Problem requirements: Produce a verbatim copy of the records, and keep the images out of it.

════════════════

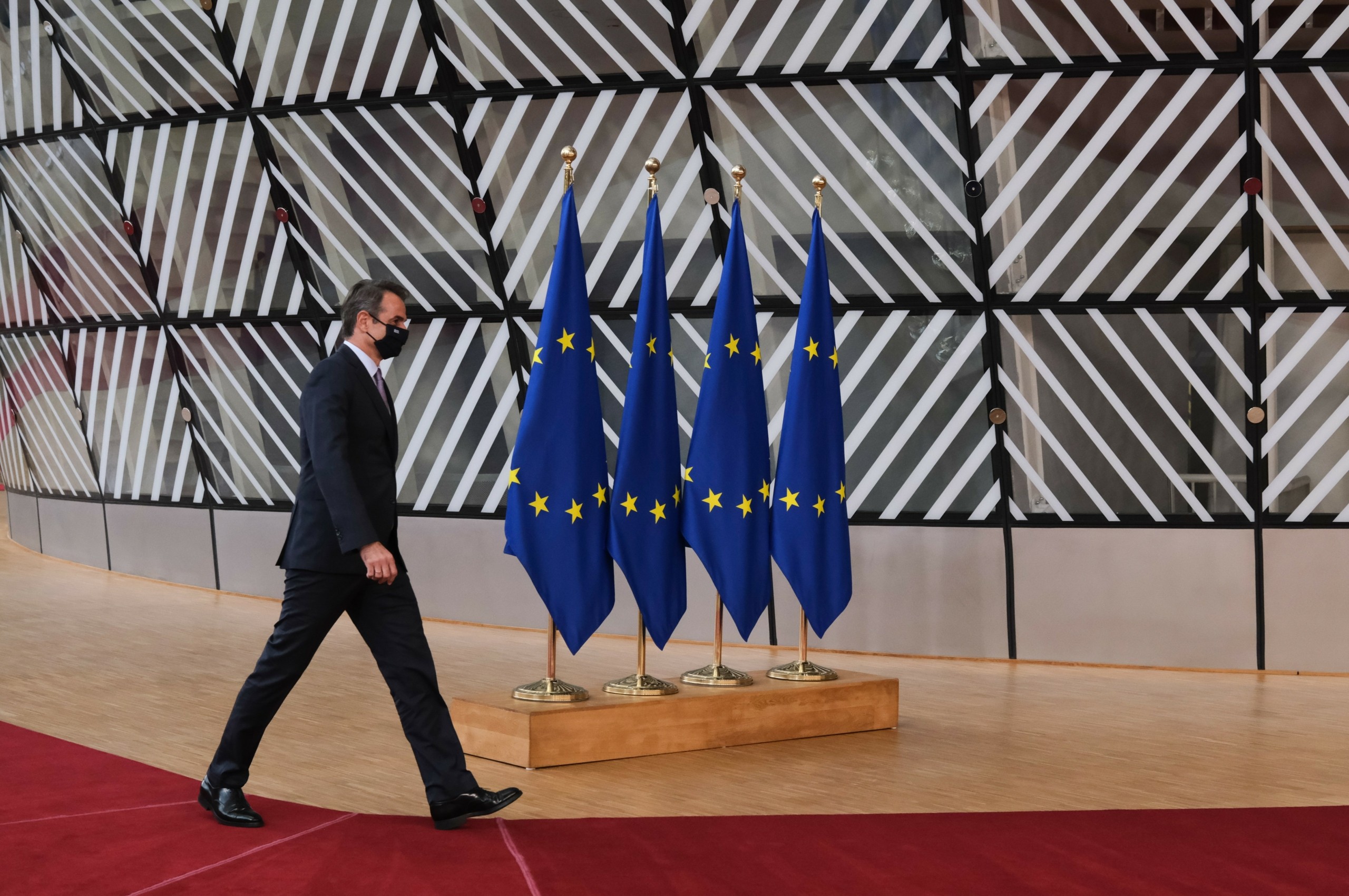 Με φόντο τις τουρκικές προκλήσεις η Σύνοδος Κορυφής – Ελλάδα και Κύπρος καταγγέλουν τις απειλές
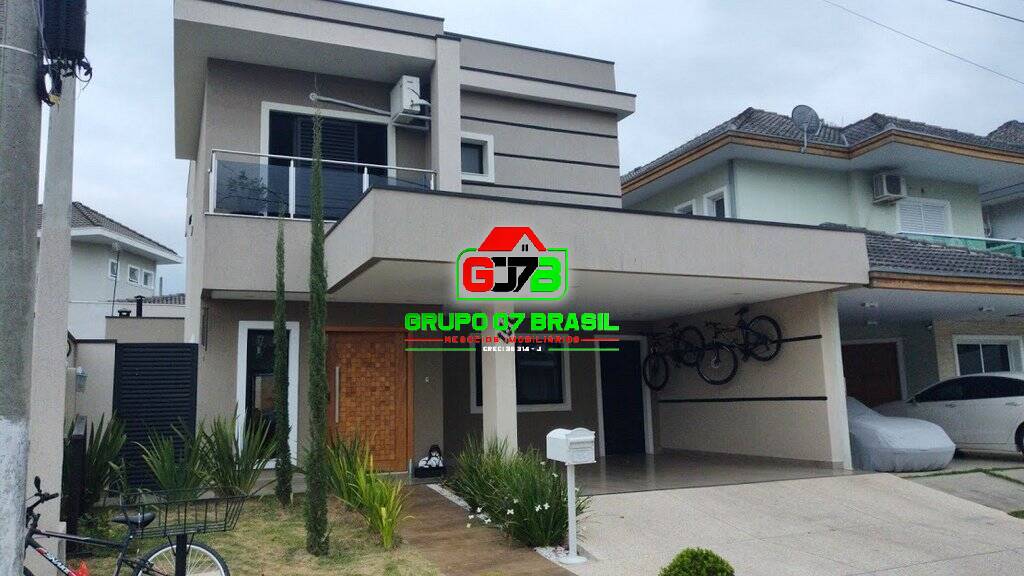 Casa de Condomínio, 3 quartos - Foto 1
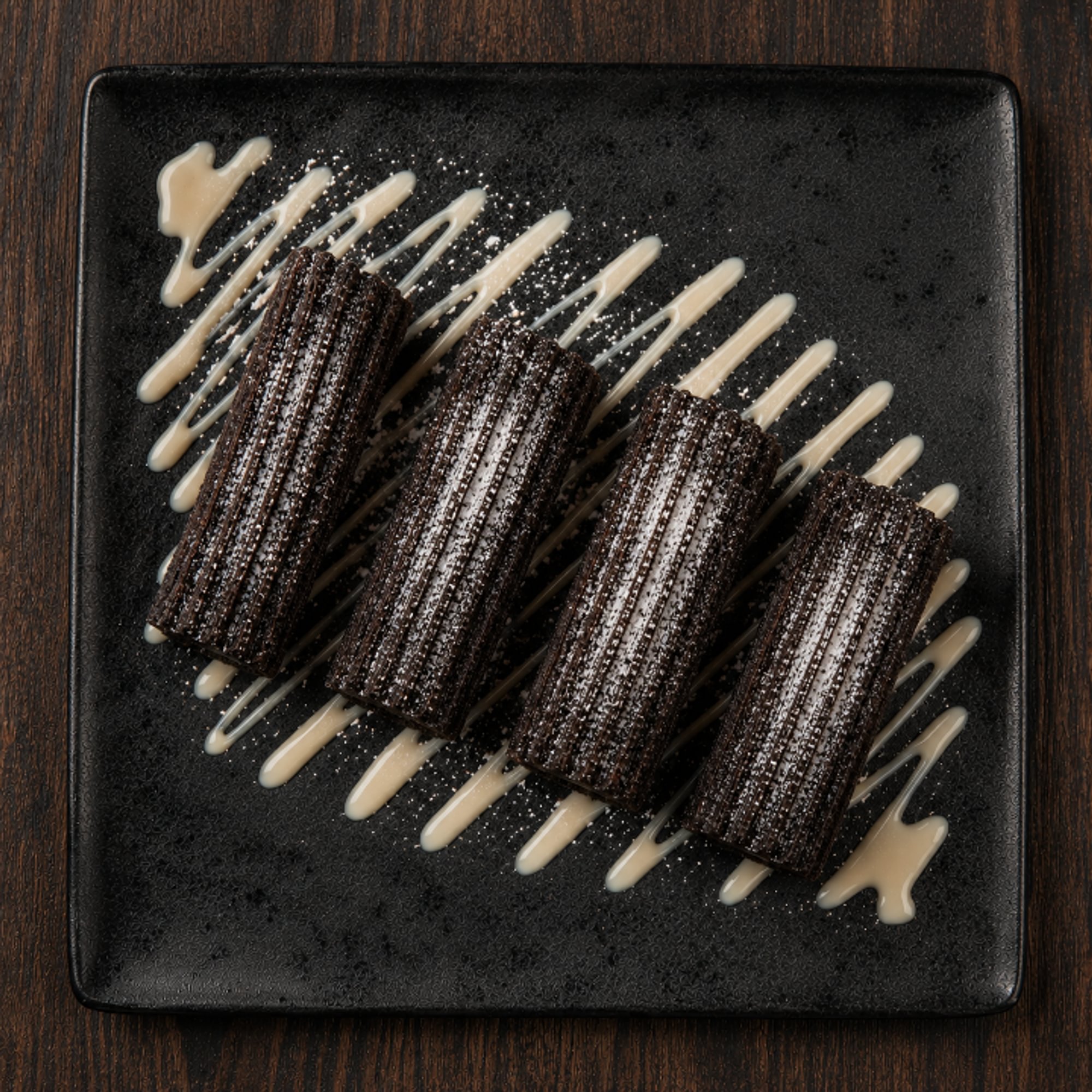 Oreo Churros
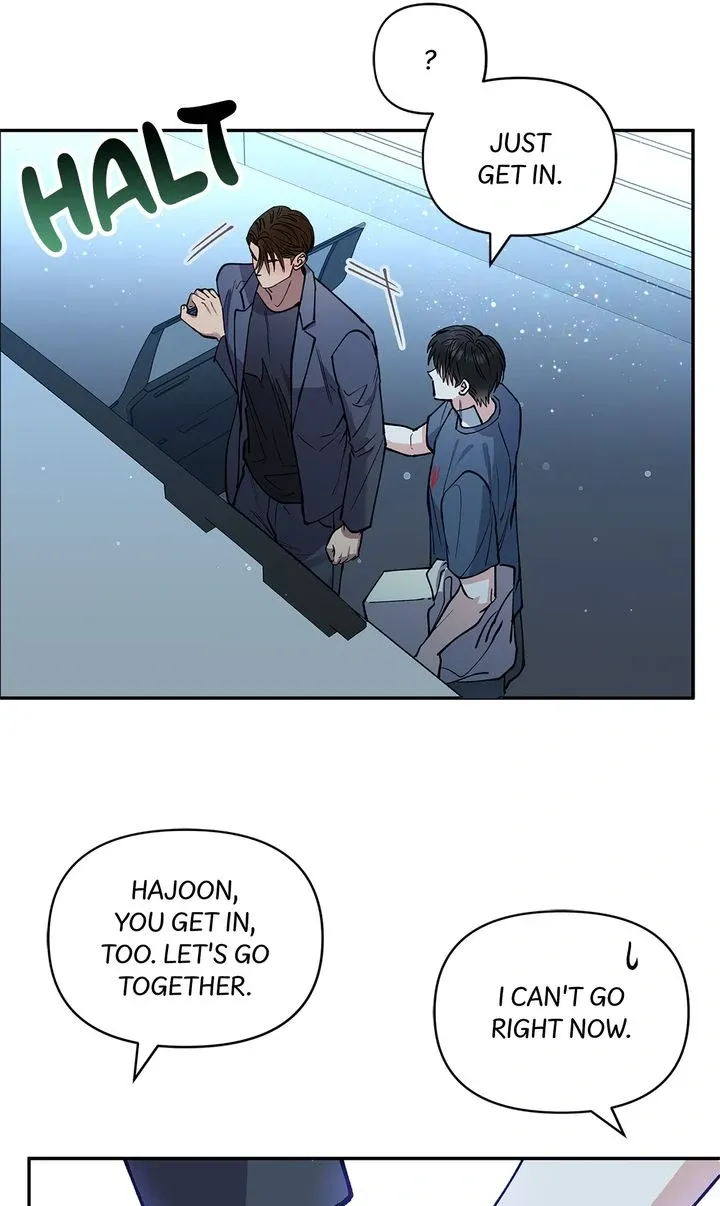 Read Half Line chapter 25 image 16 on Lezhin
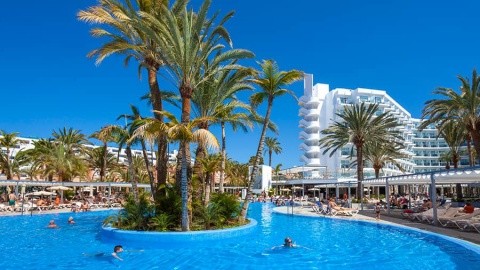 RIU Papayas - Kanári-szigetek - Gran Canaria - Playa del Inglés - 2024.10.20 - 10.27.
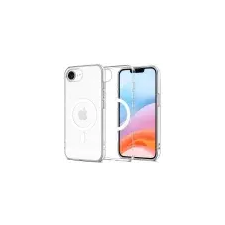 Tech-Protect FlexAir MagSafe tok iPhone 16e, átlátszó tok és táska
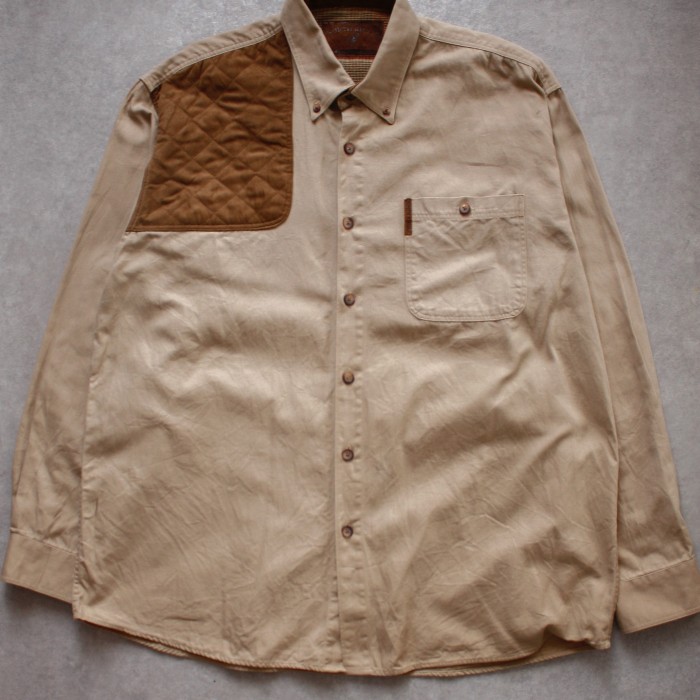 NORTH RIVER hunting shirt / ノースリバー ハンティン | Vintage.City ヴィンテージ 古着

════════════════

Task answer:
 Με φόντο τις τουρκικές προκλήσεις η Σύνοδος Κορυφής – Ελλάδα και Κύπρος καταγγέλουν τις απειλές
 Casa de Condomínio, 3 quartos - Foto 1
 Oreo Churros
 Read Half Line chapter 25 image 16 on Lezhin
 RIU Papayas - Kanári-szigetek - Gran Canaria - Playa del Inglés - 2024.10.20 - 10.27.
 Tech-Protect FlexAir MagSafe tok iPhone 16e, átlátszó tok és táska
 NORTH RIVER hunting shirt / ノースリバー ハンティン | Vintage.City ヴィンテージ 古着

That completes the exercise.